Diplomatie

Niger-Mali : ce que les chefs touaregs ont dit à Mahamadou Issoufou

Réservé aux abonnés | | Par Jeune Afrique
Le président nigérien Mahamadou Issoufou a reçu une délégation venant de Kidal, comprenant des membres du HCUA, le 24 novembre 2019.

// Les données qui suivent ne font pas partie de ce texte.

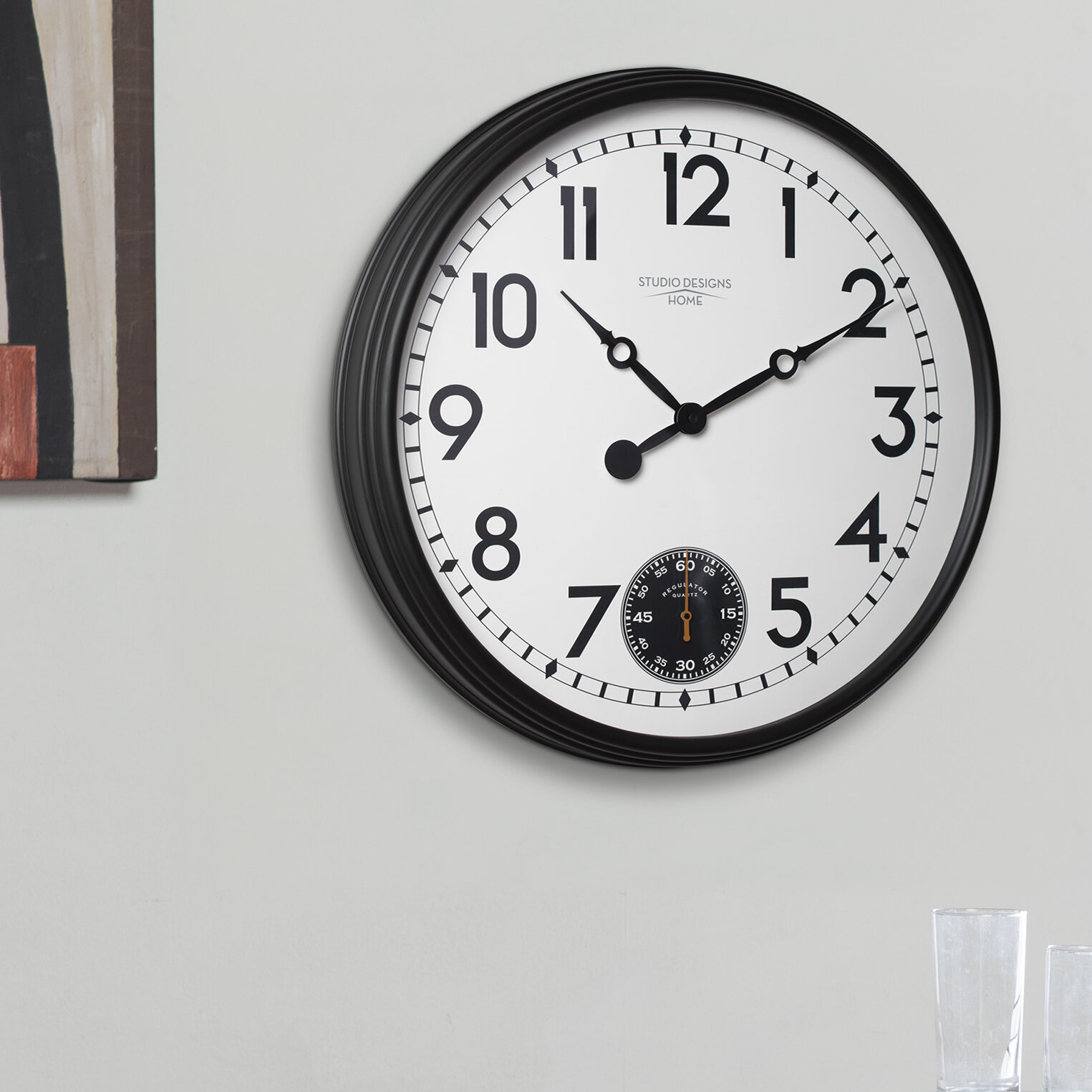 Studio Designs HOME Terrace Wall Clock & Reviews | Wayfair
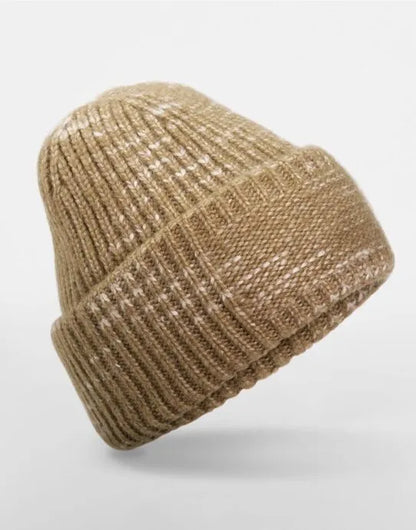 Beechfield Chunky Knitted Patch Beanie B330R - - Customisable Beanies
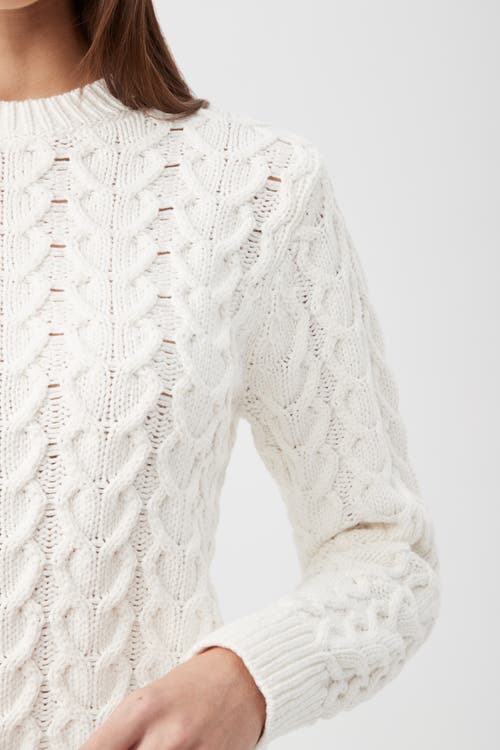 Trina Turk Corazon Sweater In Whitewash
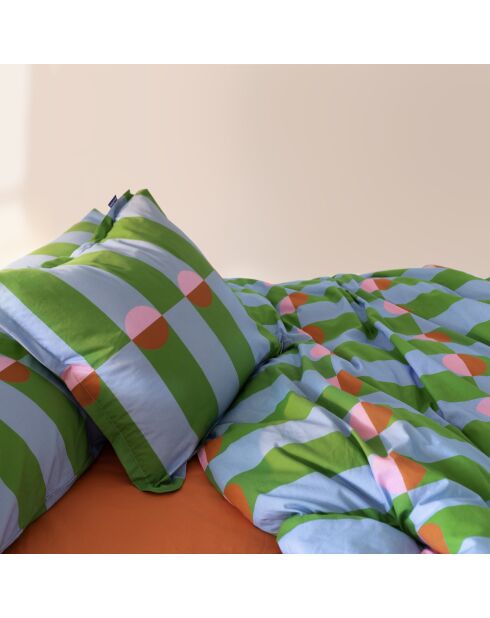 Housse de couette en coton Boogie multicolore
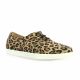 Exit Derby cuir poulain leopard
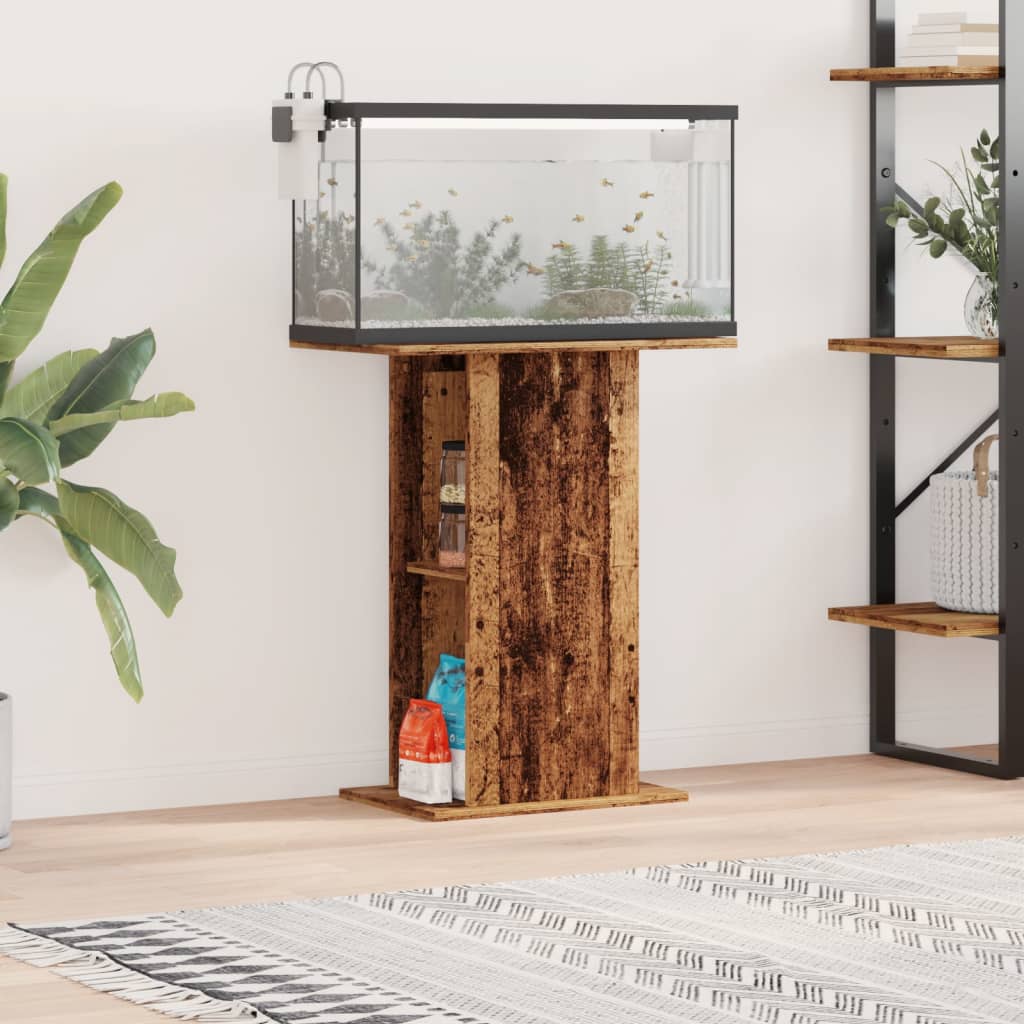   Aquarium Stand 60.5x36x72.5 cm, Wood-based material photo 7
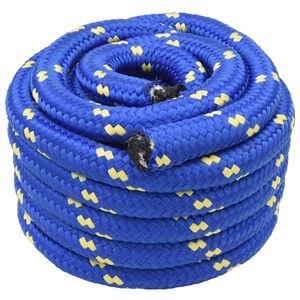 vidaXL Bootsseil 25 m 4 Blau PP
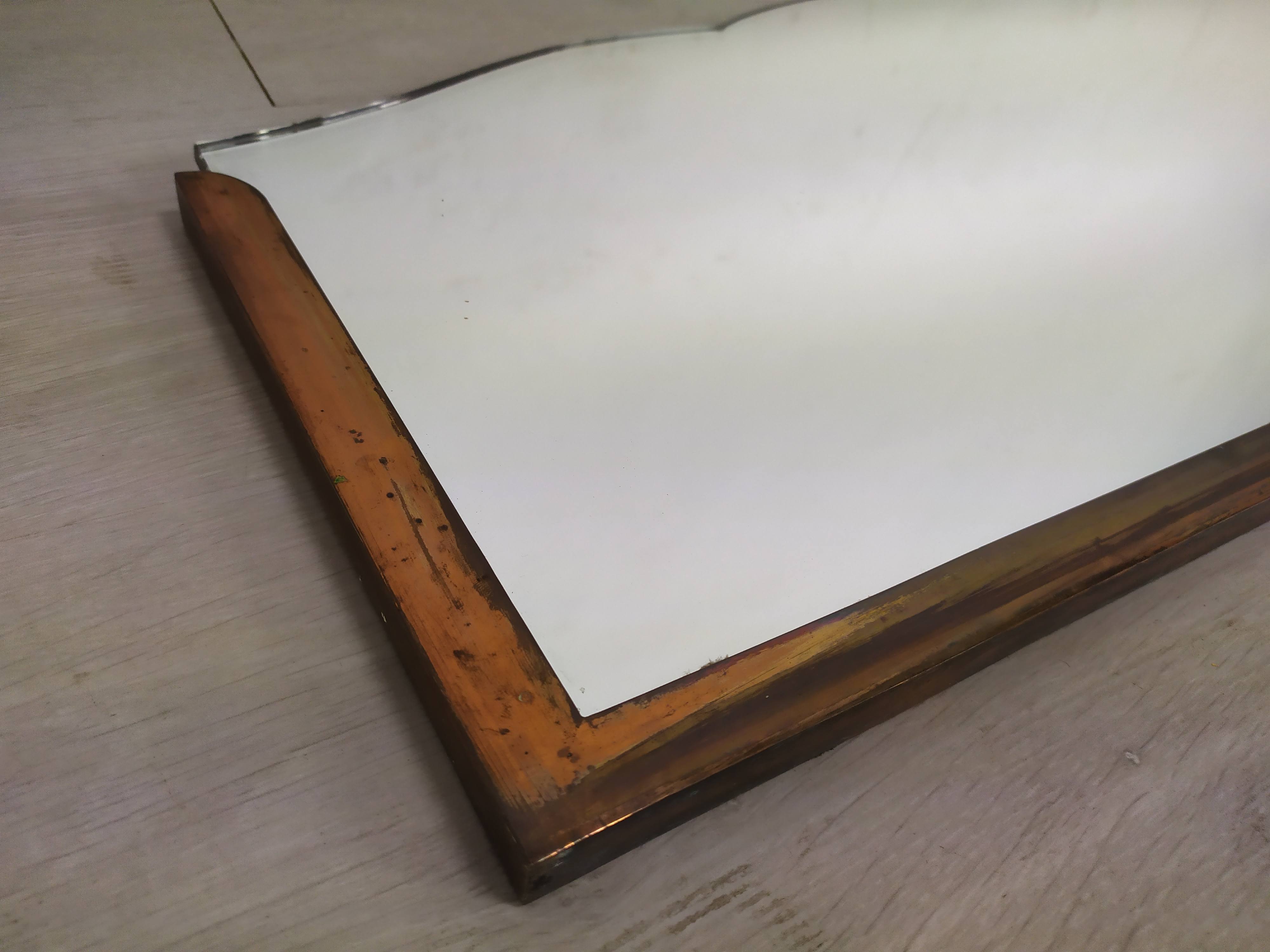 Art Deco brass mirror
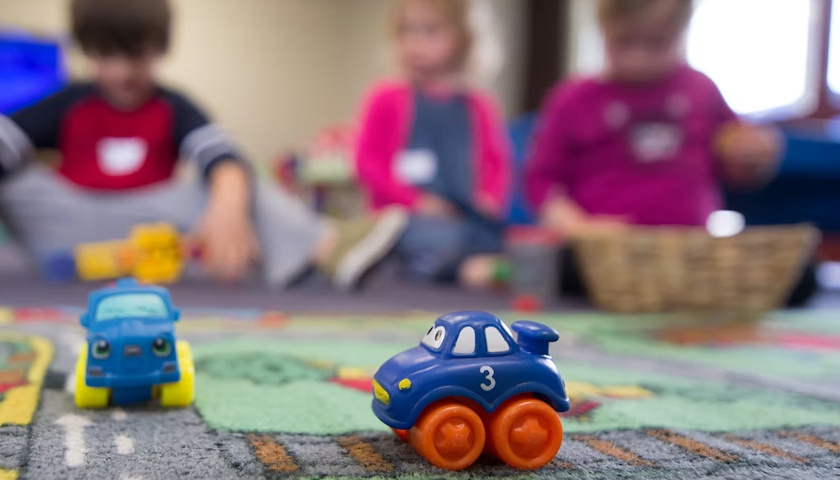 Playtime at daycare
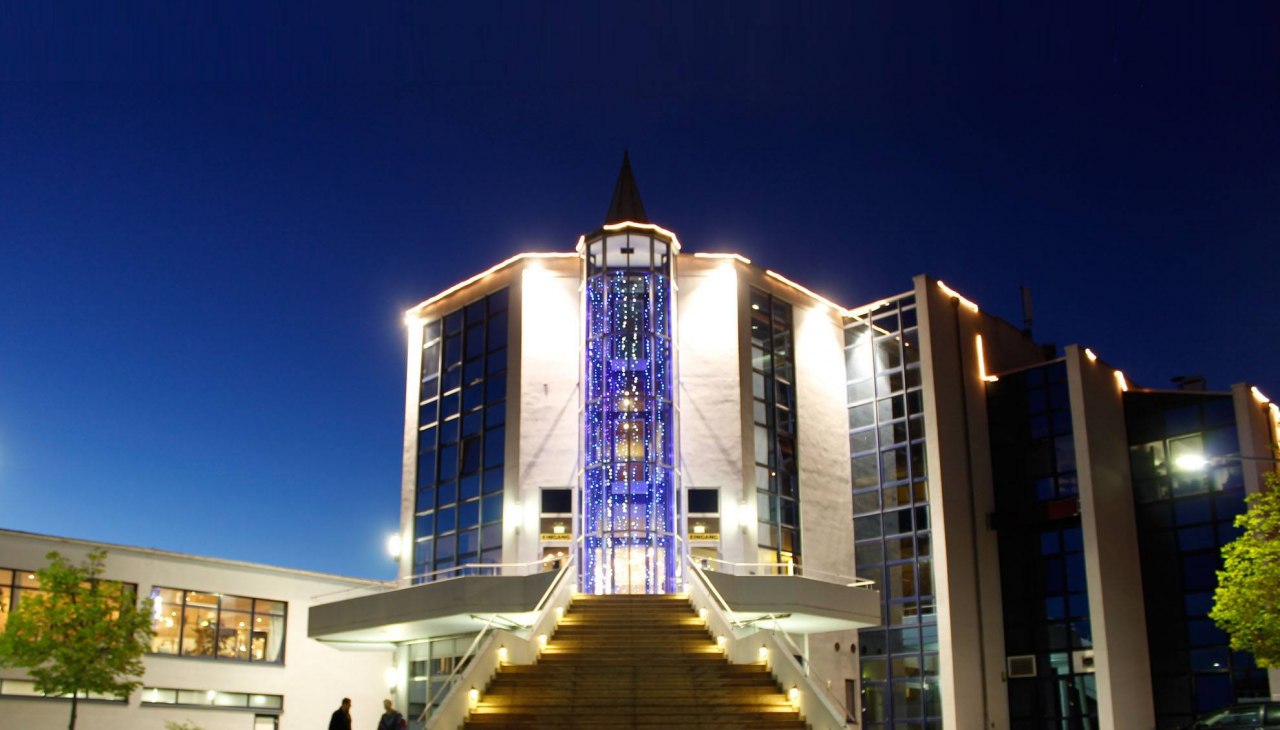 Widok zewnętrzny HCC, &copy; HCC Rostock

Le président nigérien Mahamadou Issoufou a reçu une délégation venant de Kidal, comprenant des membres du HCUA, le 24 novembre 2019. © DR / Copie d'acran Facebook

Le 25 novembre à Niamey, Mahamadou Issoufou, Alghabass Ag Intalla, chef du Haut Conseil pour l’unité de l’Azawad, et Almou Ag Mohamed, porte-parole de la Coordination des mouvements de l’Azawad, se sont entretenus pendant près d’une heure au sujet de la ville de Kidal.

En août, le président nigérien avait déclaré que cette ville malienne, sous contrôle de groupes armés signataires de l’Accord pour la paix et la réconciliation, était « un sanctuaire pour les terroristes ».

Niamey de retour dans le CSA

La délégation touarègue lui ayant assuré n’avoir aucun lien avec les jihadistes, le Niger a annoncé son retour au sein du Comité de suivi de l’accord, dont les réunions sont suspendues depuis juillet.

« Nous nous sommes expliqués. Nous avons dégagé notre responsabilité par rapport à ce qui a été dit sur Kidal », a détaillé à Jeune Afrique Almou Ag Mohammed, porte parole de la Coordination des mouvements de l’Azawad (CMA).

« Depuis que l’accord a été signé, la CMA ne s’est jamais associée, et ne s’associera jamais, aux ennemis du peuple frère du Niger, dont la stabilité est importante pour nous », a-t-il ajouté avant de marteler : « Nous n’avons aucun contact, aucun lien avec les jihadistes. »

La réunion d’Alger reportée

Avant toute reprise des discussions dans le cadre du Comité de suivi de l’accord (CSA), elle a aussi demandé qu’une rencontre de haut niveau se tienne avec les autorités de Bamako, en terrain neutre. La réunion du CSA qui était programmée à Alger mercredi 11 décembre a d’ailleurs été reportée sine die.

Avant de quitter le pays, le lendemain de leur rencontre avec le chef de l’État, les chefs touaregs ont également rencontré Mohamed Bazoum, le ministre nigérien de l’Intérieur.